TASK GOAL: Leave out the pictures and restate exactly, and only, the lines from the one that contains "MOTORE E MOTORIDUTTORE" through the final line of the material below.

DATA SHOWN:
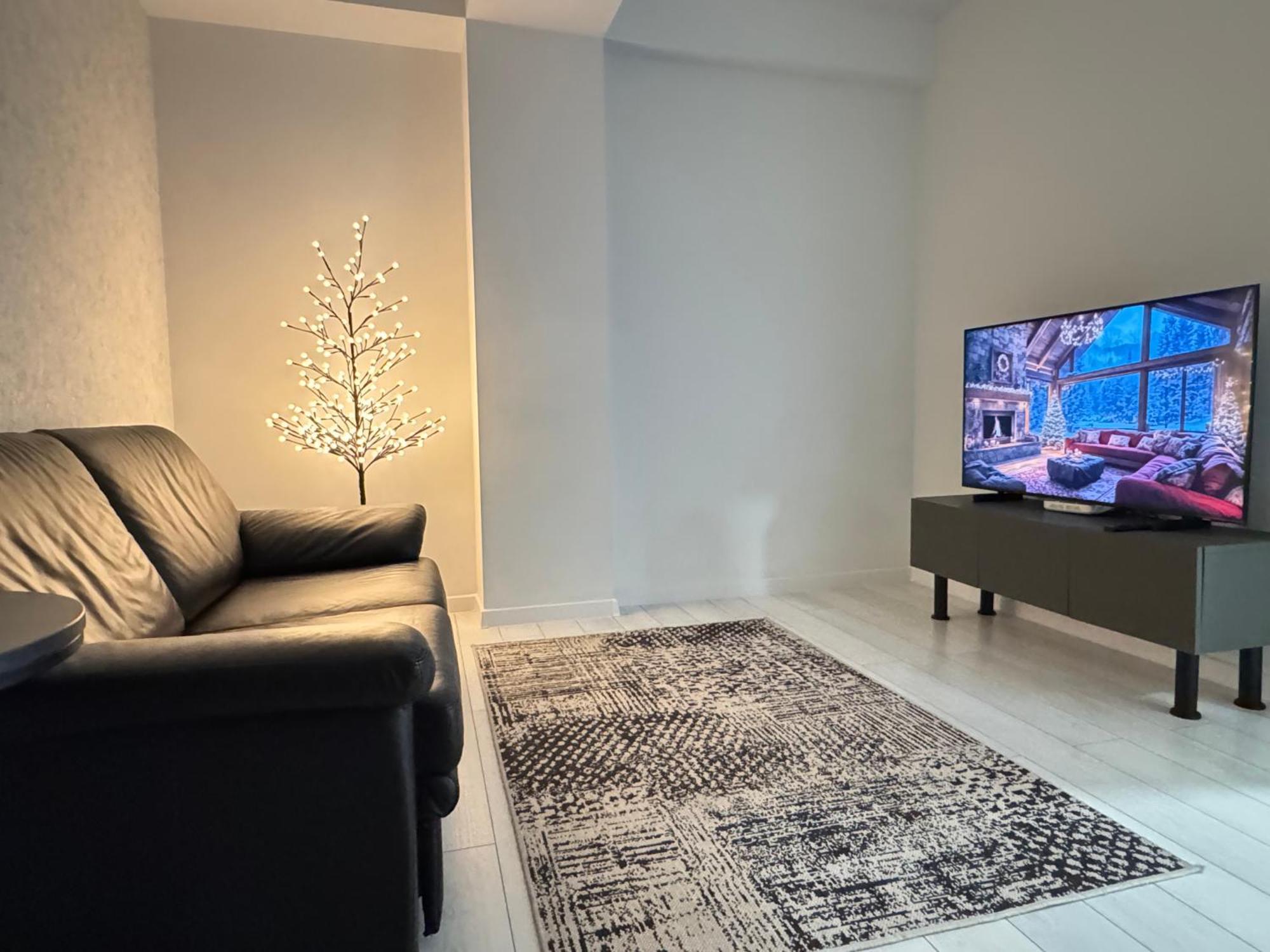 Rentnow Large And Cozy Apartment In The Center, Parking Chişinău Exterior foto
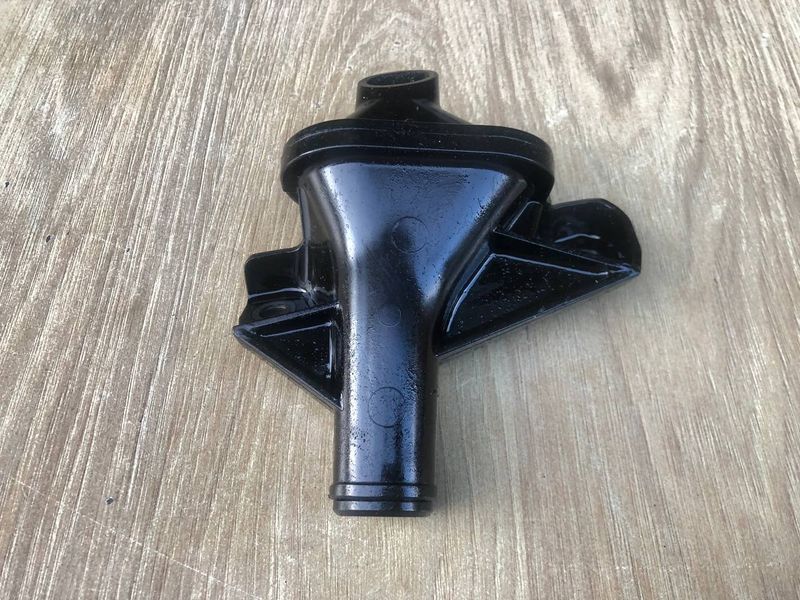 Маслоприемник Mercedes двигатель M273 V8, 4.7л.,б.у 2721800652  2721800652 фото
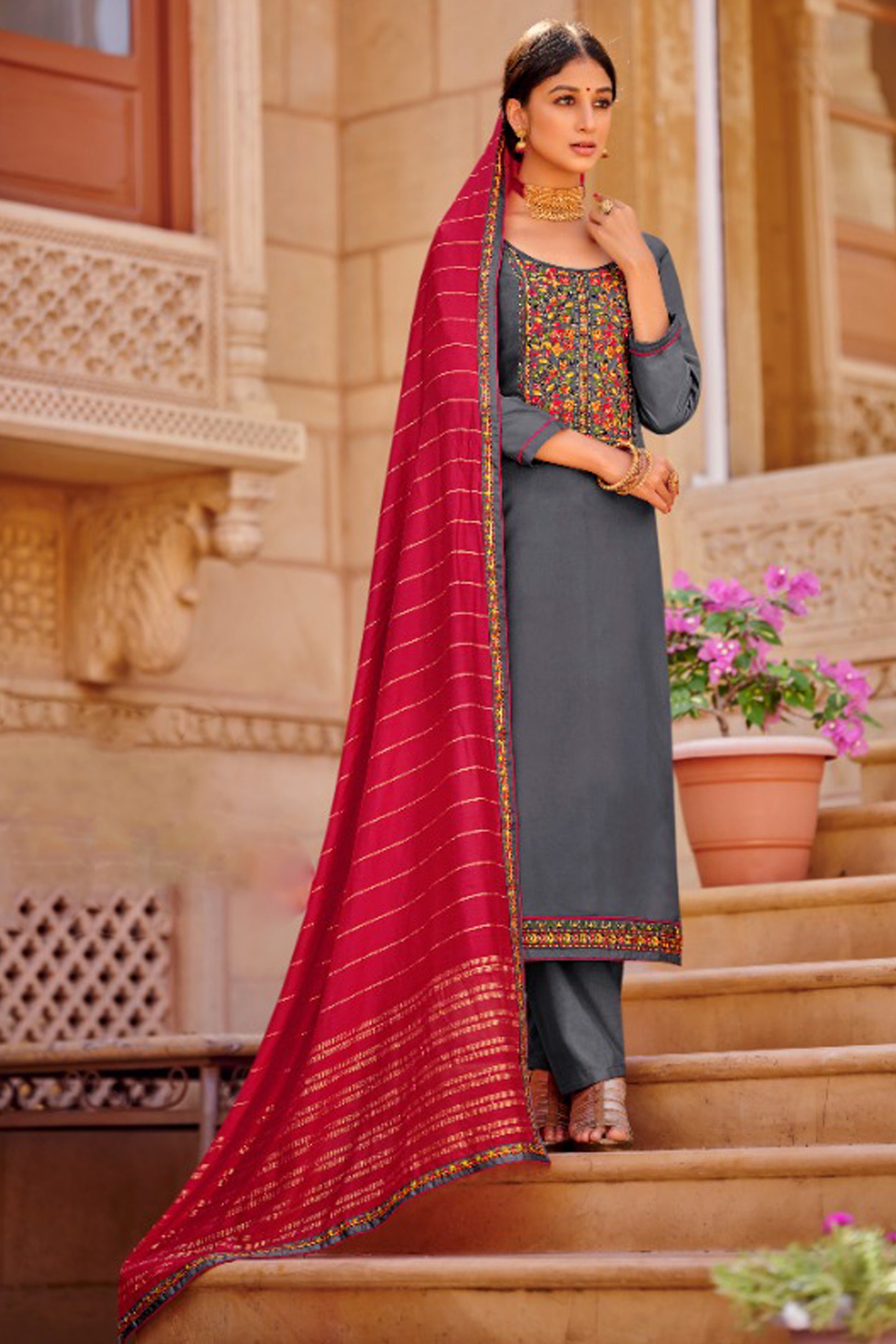 Pakistani Roka Nikah Wear Women's Wear Silk Salwar Kameez Pant Suit's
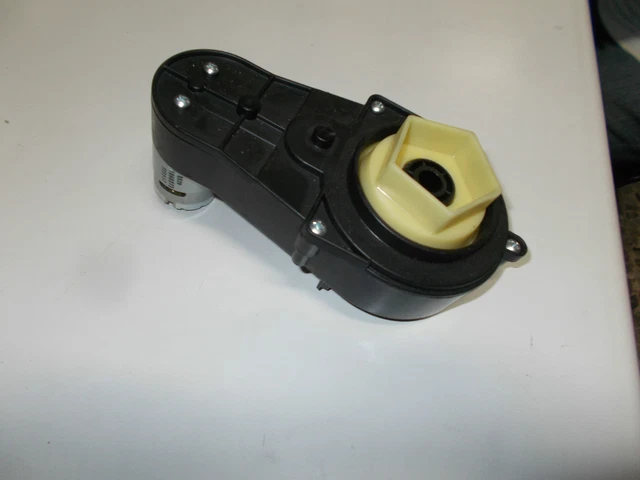 MOTORE E MOTORIDUTTORE PEG PEREGO POLARIS RZR 900 12 VOLT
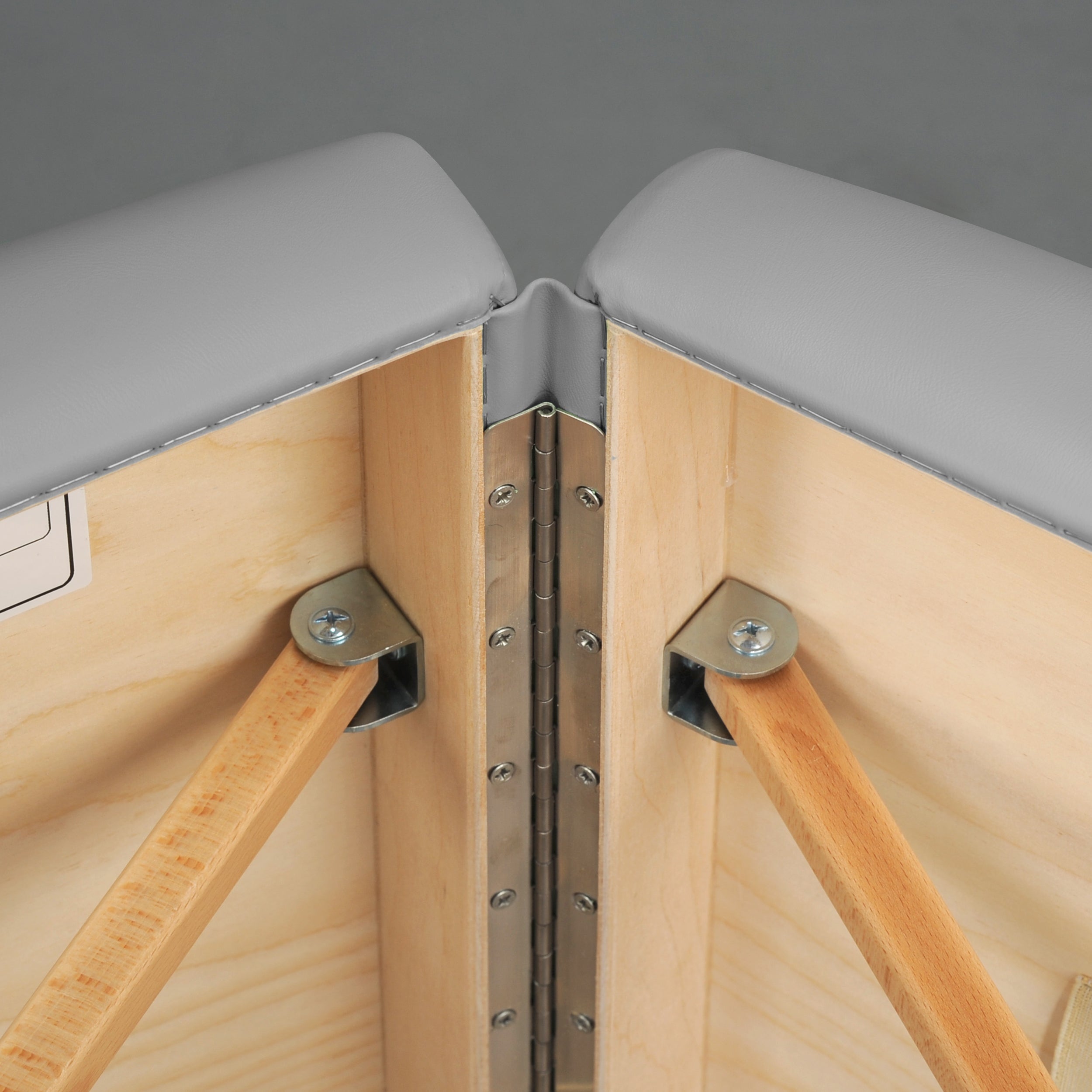 -9-Massage Table Panda Light Wood 70 Vinyl Flex K029 Grey-9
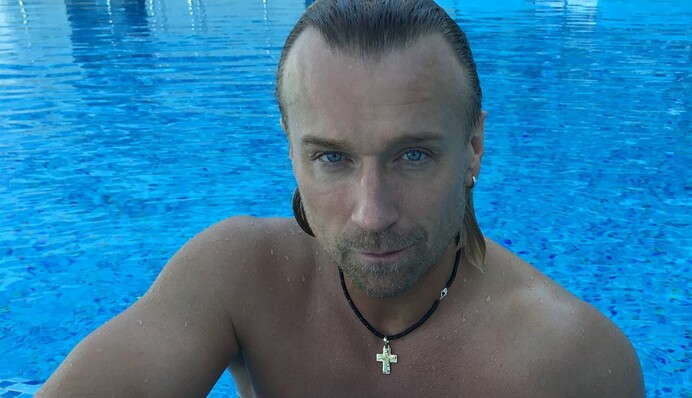 Полуголый и мокрый Винник восхитил поклонниц: опубликовано видео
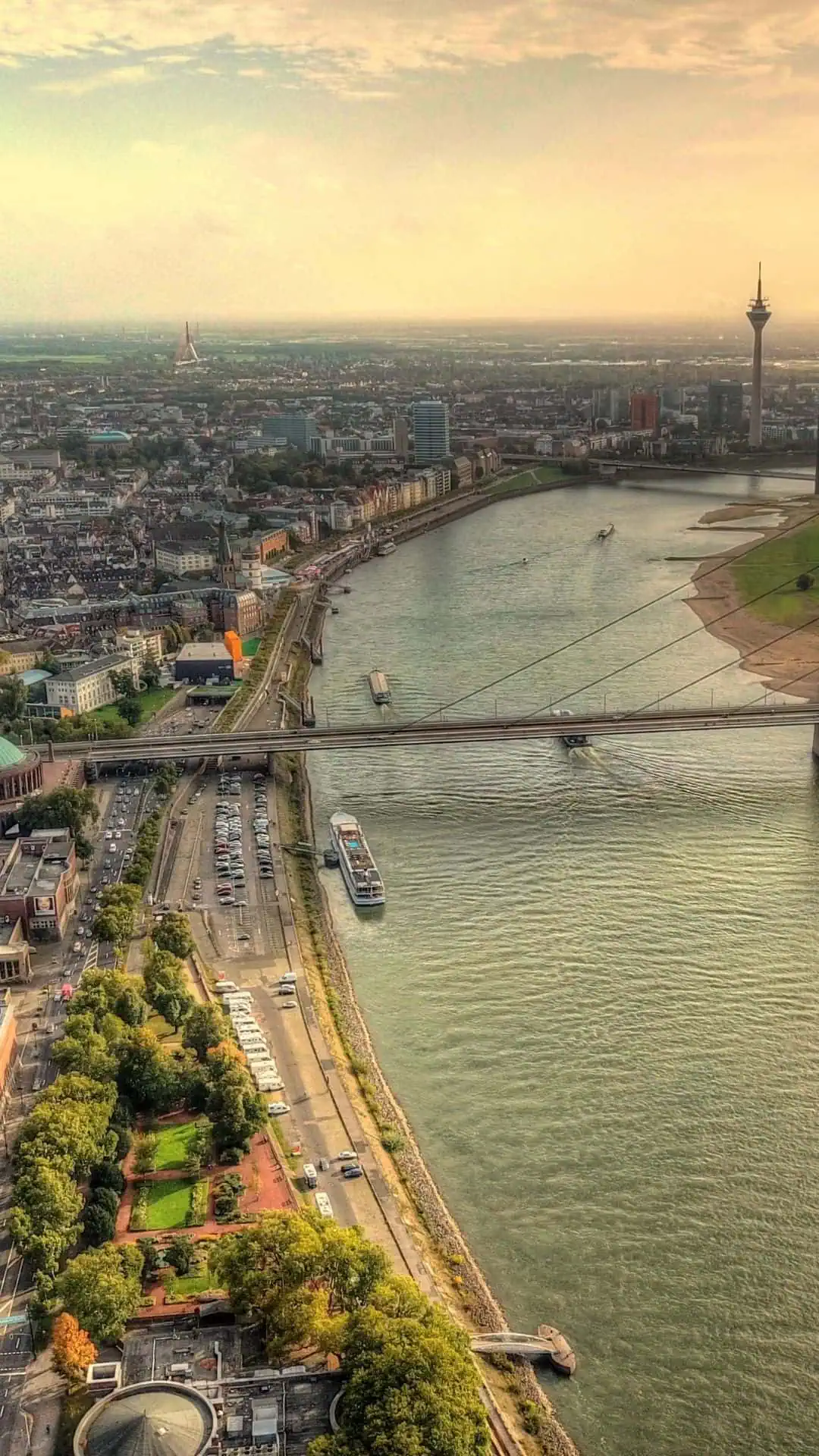 Blick auf den Rhein in Düsseldorf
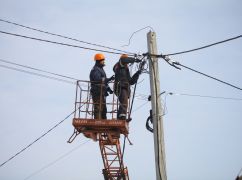 Около 5 месяцев без света: В Харьковской области возобновили электроснабжение села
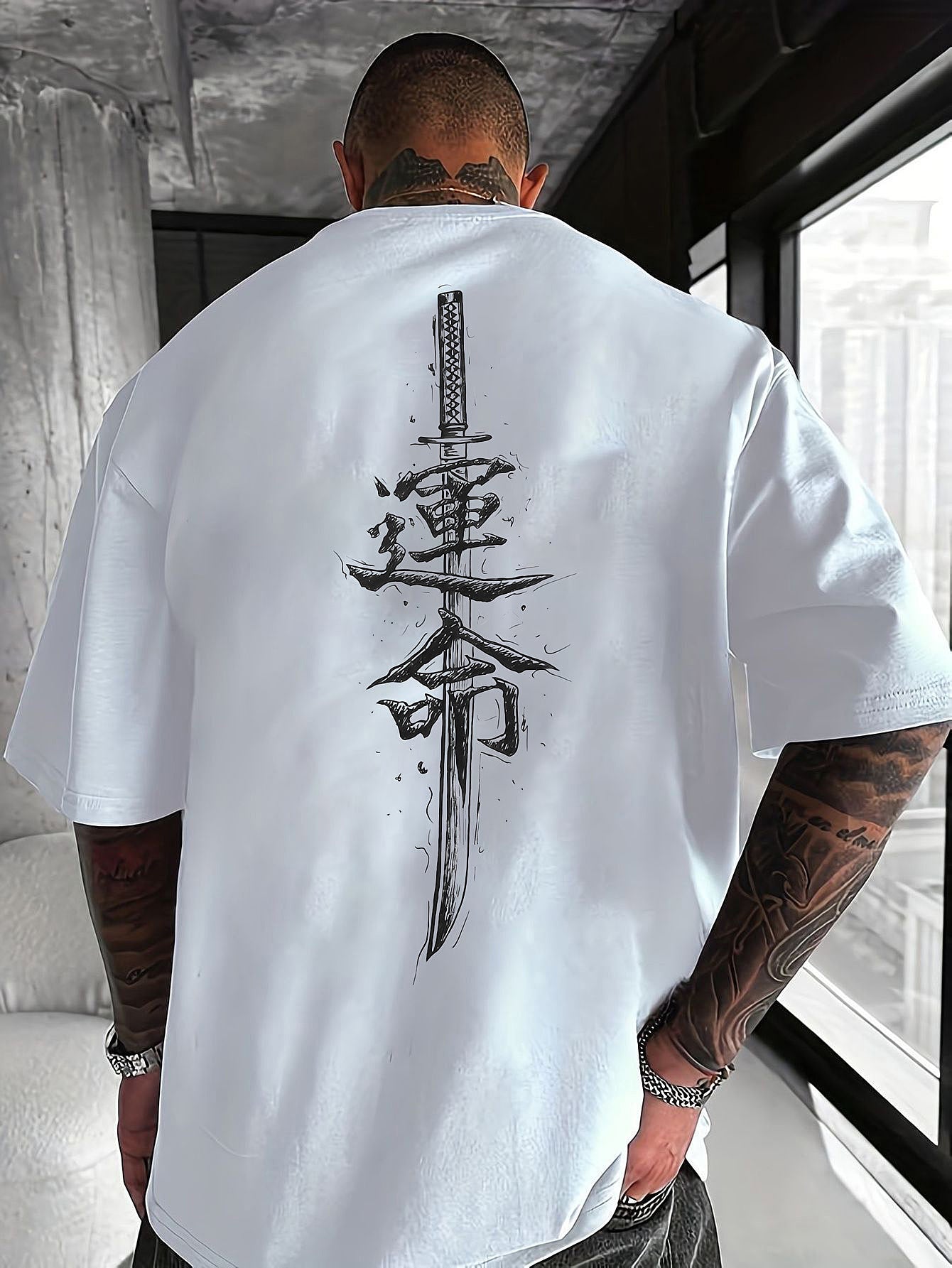 Men'S Japanese Samurai Sword Graphic T-Shirt - Casual Loose Fit Crew Neck, Short Sleeve Tee with Red Stylized Japanese Katanas Design, Breathable Polyester for Spring Summer Outdoor Wear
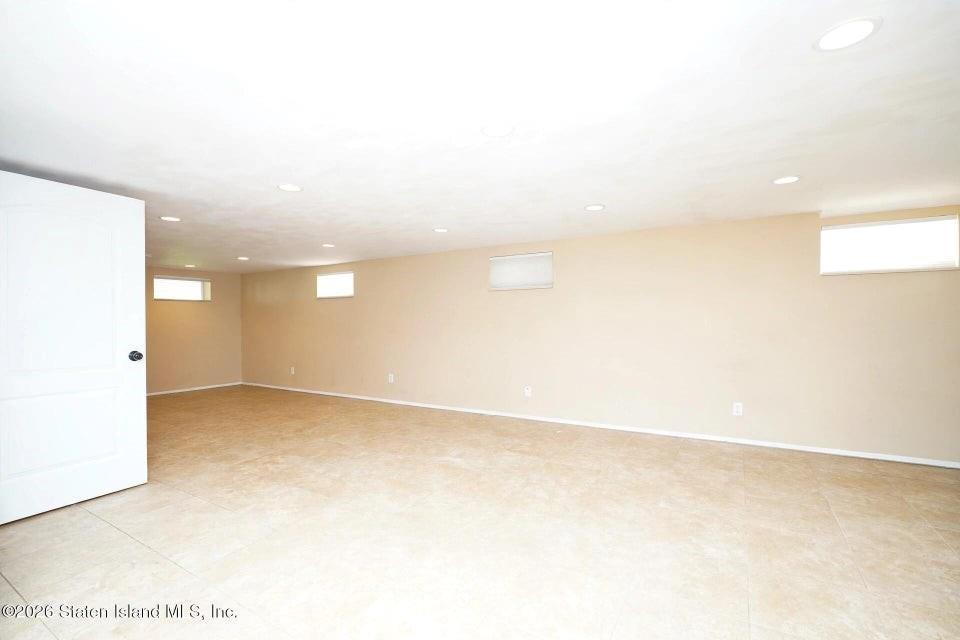 337 Thomas Street, Staten  Island, New York, 10306 image 23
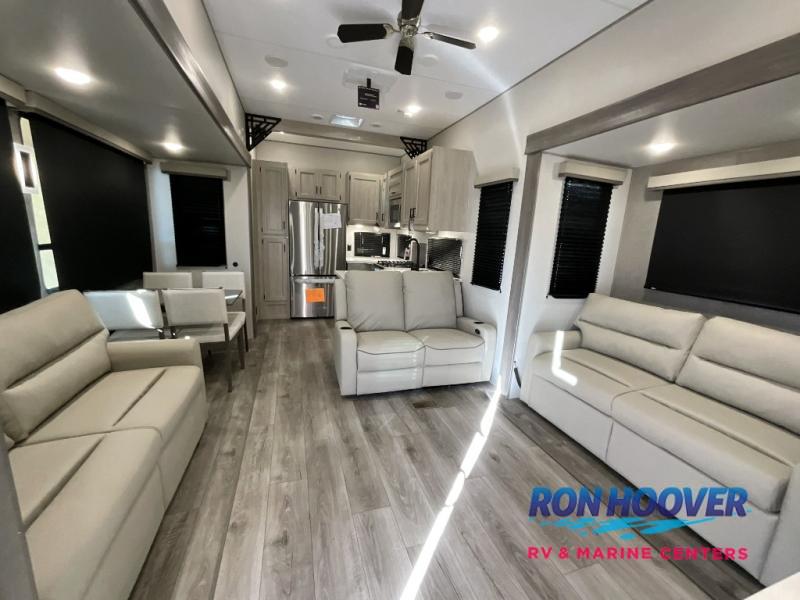 2026 COACHMEN CATALINA 44CONDO - Image 2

ANSWER SECTION:
 MOTORE E MOTORIDUTTORE PEG PEREGO POLARIS RZR 900 12 VOLT
 -9-Massage Table Panda Light Wood 70 Vinyl Flex K029 Grey-9
 Полуголый и мокрый Винник восхитил поклонниц: опубликовано видео
 Blick auf den Rhein in Düsseldorf
 Около 5 месяцев без света: В Харьковской области возобновили электроснабжение села
 Men'S Japanese Samurai Sword Graphic T-Shirt - Casual Loose Fit Crew Neck, Short Sleeve Tee with Red Stylized Japanese Katanas Design, Breathable Polyester for Spring Summer Outdoor Wear
 337 Thomas Street, Staten  Island, New York, 10306 image 23
 2026 COACHMEN CATALINA 44CONDO - Image 2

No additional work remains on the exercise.